Gosport Street Tramways

The Gosport Street Tramways Company operated horse trams for barely 13 months (from 1882) before its parent company — Provincial Tramways Co Ltd — amalgamated it, along with its other Portsmouth-area subsidiaries into a single company, the Portsmouth Street Tramways Company. The latter continued to run horse trams in Gosport and Fareham until their final displacement by electric services in 1905/6.

Photographs of the Gosport horse trams are extremely scarce, but those that have survived strongly suggest that staff wore informal but smart attire, consisting of a greatcoat or coachman's coat, jacket, shirt, tie and the fashionable headgear of the day, either the bowler hat, or in later years, the flat cap. No insignia of any kind appears to have been worn, including municipal licences.
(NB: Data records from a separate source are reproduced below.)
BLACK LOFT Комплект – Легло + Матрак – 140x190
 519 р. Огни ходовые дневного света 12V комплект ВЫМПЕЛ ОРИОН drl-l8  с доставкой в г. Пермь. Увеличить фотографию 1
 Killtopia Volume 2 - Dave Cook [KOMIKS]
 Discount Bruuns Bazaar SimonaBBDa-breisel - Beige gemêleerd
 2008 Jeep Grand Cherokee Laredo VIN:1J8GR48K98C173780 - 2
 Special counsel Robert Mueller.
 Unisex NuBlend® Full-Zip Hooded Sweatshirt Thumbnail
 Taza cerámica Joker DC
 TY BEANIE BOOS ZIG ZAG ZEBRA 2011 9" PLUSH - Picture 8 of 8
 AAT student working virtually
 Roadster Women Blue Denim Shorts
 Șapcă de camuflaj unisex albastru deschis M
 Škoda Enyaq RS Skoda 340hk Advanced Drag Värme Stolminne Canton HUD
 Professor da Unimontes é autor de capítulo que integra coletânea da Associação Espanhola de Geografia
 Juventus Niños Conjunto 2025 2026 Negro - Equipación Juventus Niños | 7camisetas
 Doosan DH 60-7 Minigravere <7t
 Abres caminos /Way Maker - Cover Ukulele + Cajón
Photographs of inspectors have not survived, and it is entirely possible that the Gosport Street Tramways Company never employed them.

Further reading
For a detailed history of the area's tramways, see 'Tramways of Portsmouth' by S E Harrison, Light Railway Transport League (1955).


Horse tram drivers and conductors
Gosport Street Tramways horse tram
A double-deck GSTCo horsecar with crew — photo undated, but thought to have been taken around the turn of the century. Photo courtesy of the Tramways and Light Railway Society, with thanks to David Voice.

Gosport Street Tramways
A blow-up of the above photo showing the conductor, in greatcoat with cash bag, and the driver (William Hibdige) also in a long greatcoat or coachman's coat, and wearing a flat cap.

Gosport Street Tramways
Driver George Felmingham and Conductor Arnold pose for the cameraman near the Wheatsheaf pub in Brockhurst in 1897. Both men are wearing smart, but informal attire. Photo courtesy of the Tramways and Light Railway Society, with thanks to David Voice.